───── RECORDS SHOWN ─────

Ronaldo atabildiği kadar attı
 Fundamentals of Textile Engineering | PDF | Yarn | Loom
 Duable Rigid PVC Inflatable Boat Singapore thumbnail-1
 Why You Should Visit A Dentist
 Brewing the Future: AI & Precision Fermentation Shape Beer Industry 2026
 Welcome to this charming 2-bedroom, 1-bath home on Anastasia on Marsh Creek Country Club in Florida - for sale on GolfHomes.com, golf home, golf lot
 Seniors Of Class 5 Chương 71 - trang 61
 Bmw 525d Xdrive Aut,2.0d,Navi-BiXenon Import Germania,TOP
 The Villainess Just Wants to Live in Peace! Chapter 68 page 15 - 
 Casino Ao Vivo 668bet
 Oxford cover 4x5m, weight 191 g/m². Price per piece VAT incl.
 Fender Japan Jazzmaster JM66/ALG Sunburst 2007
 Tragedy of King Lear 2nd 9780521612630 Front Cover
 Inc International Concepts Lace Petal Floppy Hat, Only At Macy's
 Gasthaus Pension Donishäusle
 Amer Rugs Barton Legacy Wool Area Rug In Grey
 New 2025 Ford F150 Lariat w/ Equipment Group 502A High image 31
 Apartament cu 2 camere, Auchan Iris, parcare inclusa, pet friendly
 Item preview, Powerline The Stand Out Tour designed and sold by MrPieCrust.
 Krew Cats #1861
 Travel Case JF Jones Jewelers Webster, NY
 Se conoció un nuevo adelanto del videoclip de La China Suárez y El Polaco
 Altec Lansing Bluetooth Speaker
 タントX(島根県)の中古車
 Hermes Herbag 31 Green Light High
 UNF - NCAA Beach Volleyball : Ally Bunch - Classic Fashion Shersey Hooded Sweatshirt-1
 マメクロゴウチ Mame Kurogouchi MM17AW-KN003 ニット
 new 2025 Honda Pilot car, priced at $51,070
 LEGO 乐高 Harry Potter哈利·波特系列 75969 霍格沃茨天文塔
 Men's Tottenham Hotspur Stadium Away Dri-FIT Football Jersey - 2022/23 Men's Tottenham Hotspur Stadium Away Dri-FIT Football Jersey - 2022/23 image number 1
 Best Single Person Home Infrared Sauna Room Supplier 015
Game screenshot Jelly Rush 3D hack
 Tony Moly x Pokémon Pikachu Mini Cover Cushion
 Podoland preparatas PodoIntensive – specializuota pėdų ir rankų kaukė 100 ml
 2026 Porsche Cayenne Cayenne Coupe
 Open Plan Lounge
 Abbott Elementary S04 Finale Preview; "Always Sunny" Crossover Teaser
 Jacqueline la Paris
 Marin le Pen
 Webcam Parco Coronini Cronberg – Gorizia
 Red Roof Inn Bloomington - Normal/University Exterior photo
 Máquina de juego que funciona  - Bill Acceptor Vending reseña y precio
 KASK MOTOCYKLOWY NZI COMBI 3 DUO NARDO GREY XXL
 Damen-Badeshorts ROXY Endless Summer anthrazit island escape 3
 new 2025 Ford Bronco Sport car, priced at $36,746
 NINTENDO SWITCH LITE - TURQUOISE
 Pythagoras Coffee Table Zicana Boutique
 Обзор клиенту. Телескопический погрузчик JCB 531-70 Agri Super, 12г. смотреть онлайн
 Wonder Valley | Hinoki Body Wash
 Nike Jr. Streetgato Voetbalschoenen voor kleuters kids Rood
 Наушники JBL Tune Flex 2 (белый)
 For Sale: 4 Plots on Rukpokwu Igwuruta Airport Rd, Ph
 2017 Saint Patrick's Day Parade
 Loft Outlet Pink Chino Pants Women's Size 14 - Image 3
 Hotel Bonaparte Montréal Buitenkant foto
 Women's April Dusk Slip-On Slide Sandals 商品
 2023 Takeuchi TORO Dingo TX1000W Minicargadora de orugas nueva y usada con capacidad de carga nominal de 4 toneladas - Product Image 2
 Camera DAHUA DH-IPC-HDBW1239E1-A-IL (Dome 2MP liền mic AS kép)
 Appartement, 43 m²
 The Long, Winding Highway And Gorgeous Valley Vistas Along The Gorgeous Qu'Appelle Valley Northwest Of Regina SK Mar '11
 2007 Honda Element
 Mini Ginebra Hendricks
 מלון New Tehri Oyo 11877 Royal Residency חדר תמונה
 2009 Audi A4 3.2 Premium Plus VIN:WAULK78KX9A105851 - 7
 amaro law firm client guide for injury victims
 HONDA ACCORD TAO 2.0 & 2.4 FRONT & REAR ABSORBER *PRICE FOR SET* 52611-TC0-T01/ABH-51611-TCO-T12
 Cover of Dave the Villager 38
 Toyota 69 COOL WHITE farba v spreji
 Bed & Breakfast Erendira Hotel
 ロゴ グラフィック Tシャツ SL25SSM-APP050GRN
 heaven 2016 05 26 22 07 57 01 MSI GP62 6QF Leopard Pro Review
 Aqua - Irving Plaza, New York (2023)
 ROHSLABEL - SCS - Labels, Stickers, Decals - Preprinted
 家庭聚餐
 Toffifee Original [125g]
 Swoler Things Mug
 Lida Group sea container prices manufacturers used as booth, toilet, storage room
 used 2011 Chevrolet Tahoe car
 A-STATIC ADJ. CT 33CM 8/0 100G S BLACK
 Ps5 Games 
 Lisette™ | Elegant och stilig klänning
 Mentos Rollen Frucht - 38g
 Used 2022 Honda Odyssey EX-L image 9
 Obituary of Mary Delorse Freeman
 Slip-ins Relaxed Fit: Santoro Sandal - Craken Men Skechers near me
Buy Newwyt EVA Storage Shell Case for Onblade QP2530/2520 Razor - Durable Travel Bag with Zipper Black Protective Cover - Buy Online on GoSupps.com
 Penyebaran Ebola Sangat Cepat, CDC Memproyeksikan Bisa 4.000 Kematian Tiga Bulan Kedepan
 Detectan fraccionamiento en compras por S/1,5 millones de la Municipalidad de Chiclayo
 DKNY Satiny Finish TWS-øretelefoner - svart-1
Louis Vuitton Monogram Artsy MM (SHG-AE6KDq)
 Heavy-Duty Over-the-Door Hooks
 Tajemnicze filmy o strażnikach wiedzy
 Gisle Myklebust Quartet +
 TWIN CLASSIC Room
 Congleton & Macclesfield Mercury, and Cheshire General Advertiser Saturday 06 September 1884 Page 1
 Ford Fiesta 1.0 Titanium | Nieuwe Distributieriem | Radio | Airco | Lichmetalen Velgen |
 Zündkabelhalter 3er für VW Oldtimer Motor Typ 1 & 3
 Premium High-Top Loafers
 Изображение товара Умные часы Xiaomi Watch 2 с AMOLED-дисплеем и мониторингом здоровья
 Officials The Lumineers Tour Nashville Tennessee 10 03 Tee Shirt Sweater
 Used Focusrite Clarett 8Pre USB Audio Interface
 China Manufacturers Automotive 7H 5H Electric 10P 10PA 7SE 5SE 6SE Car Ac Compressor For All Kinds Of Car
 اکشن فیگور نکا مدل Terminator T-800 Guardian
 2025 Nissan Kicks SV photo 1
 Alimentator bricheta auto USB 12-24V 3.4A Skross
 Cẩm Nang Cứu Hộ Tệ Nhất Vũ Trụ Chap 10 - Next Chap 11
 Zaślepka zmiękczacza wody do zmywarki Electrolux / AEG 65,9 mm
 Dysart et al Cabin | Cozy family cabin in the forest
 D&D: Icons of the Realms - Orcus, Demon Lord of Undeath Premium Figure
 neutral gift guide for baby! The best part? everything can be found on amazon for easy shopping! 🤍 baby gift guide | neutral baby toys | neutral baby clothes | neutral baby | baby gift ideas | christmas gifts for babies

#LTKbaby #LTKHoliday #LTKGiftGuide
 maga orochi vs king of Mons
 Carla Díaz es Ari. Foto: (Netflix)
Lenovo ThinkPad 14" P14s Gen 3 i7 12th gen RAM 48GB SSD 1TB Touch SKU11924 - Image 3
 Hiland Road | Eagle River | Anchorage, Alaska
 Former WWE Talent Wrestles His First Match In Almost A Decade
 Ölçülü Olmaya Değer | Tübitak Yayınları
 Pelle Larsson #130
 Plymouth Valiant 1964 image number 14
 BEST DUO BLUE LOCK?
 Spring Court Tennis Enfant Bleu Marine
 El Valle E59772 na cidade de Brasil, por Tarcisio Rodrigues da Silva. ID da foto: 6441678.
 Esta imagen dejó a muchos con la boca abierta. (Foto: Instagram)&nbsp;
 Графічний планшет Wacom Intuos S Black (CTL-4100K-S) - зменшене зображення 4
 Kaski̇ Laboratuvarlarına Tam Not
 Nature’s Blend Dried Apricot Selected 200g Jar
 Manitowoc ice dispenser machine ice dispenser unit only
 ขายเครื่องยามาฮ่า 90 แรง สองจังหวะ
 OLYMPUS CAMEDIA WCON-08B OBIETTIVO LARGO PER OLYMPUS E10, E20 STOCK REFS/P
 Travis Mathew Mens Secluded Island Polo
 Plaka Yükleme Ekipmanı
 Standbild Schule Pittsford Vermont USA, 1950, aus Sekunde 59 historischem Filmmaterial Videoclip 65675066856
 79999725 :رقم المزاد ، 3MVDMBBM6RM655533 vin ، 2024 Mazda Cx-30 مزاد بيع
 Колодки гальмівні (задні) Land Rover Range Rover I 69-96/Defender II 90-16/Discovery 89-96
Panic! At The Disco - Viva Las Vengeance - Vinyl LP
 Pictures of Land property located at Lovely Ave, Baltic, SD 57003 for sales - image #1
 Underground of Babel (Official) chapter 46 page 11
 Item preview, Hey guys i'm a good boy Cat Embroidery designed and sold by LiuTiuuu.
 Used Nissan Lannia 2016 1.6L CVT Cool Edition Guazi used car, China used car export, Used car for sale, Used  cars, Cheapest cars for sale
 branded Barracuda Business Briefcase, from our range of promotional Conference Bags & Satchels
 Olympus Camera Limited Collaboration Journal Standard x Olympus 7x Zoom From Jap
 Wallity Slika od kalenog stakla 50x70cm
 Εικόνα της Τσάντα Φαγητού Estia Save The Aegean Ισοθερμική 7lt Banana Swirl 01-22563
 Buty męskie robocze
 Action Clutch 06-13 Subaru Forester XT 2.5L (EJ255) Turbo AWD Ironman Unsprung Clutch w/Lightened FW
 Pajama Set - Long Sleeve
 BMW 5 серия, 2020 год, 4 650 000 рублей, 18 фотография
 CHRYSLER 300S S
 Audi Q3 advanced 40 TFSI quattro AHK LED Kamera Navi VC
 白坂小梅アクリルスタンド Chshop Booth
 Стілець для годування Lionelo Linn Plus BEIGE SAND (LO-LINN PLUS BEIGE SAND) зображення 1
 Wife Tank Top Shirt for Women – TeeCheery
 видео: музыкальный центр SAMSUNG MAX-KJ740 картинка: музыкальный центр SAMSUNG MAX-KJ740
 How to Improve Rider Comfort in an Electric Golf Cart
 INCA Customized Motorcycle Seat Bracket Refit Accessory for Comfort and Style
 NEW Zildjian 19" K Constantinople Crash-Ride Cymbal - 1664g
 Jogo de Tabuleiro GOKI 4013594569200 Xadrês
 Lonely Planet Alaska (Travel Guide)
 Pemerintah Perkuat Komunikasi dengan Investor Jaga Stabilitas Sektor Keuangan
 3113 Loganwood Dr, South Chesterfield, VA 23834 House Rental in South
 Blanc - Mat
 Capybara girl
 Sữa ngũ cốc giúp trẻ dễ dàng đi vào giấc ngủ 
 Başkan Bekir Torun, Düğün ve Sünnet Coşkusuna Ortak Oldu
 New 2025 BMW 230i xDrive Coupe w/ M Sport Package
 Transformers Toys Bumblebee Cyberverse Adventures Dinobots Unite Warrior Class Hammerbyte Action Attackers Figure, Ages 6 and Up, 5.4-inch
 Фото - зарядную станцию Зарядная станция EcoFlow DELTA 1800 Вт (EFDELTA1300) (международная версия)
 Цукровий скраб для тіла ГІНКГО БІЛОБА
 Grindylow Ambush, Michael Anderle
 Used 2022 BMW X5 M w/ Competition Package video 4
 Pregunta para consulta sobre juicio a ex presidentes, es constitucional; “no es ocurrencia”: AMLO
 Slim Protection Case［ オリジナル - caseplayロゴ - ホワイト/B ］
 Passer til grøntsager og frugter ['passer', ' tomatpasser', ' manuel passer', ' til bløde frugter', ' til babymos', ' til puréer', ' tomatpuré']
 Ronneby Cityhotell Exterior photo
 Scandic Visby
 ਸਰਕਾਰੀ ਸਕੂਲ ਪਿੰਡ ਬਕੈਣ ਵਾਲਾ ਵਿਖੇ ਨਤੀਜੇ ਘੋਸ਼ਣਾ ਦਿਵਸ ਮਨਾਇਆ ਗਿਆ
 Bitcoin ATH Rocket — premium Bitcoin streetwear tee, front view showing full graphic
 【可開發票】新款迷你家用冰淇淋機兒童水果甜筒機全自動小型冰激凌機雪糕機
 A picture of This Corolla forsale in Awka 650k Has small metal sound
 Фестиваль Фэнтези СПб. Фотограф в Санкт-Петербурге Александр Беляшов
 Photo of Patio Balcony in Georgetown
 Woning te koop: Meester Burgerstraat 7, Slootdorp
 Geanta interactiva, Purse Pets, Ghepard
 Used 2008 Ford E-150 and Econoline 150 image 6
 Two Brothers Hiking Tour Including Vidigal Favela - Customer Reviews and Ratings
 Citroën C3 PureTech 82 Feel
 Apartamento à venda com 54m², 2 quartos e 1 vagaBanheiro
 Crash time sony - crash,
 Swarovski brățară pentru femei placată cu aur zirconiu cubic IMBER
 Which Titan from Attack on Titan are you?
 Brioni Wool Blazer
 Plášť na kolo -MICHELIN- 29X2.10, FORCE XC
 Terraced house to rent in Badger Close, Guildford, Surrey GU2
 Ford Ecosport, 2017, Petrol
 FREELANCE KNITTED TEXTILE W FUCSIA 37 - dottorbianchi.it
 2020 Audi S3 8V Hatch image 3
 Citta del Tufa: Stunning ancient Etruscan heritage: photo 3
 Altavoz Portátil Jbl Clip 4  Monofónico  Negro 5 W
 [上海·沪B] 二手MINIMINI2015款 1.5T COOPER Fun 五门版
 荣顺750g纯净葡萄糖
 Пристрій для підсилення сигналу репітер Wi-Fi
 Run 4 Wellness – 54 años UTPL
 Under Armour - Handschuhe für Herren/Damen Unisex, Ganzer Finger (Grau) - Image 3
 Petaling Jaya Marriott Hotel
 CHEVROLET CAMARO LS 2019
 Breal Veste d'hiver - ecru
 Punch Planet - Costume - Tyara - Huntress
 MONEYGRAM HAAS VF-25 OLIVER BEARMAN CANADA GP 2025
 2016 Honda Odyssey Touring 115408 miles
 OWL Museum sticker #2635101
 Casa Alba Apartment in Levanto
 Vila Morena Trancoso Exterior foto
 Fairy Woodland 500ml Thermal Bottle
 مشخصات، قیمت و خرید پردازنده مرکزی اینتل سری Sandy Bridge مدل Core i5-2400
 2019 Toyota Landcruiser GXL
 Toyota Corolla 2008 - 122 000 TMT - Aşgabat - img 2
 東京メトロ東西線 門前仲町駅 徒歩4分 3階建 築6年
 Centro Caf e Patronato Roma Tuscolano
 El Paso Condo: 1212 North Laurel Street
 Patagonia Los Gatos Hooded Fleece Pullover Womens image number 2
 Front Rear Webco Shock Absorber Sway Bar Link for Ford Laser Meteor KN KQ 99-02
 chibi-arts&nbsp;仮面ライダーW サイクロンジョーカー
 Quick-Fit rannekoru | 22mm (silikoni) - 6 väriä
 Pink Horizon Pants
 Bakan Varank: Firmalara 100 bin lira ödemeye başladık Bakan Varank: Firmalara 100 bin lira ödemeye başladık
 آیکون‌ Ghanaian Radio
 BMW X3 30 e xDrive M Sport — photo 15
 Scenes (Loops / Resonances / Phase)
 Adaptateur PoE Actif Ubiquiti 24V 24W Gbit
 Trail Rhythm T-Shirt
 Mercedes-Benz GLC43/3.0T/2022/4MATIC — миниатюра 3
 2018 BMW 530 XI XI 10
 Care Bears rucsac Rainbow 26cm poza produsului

─────

From the line that has "Heavy-Duty Over-the-Door Hooks" through the line that has "Used Focusrite Clarett", copy every line exactly as it appears above, and leave out all others.

_RESPONSE AREA_:
 Heavy-Duty Over-the-Door Hooks
 Tajemnicze filmy o strażnikach wiedzy
 Gisle Myklebust Quartet +
 TWIN CLASSIC Room
 Congleton & Macclesfield Mercury, and Cheshire General Advertiser Saturday 06 September 1884 Page 1
 Ford Fiesta 1.0 Titanium | Nieuwe Distributieriem | Radio | Airco | Lichmetalen Velgen |
 Zündkabelhalter 3er für VW Oldtimer Motor Typ 1 & 3
 Premium High-Top Loafers
 Изображение товара Умные часы Xiaomi Watch 2 с AMOLED-дисплеем и мониторингом здоровья
 Officials The Lumineers Tour Nashville Tennessee 10 03 Tee Shirt Sweater
 Used Focusrite Clarett 8Pre USB Audio Interface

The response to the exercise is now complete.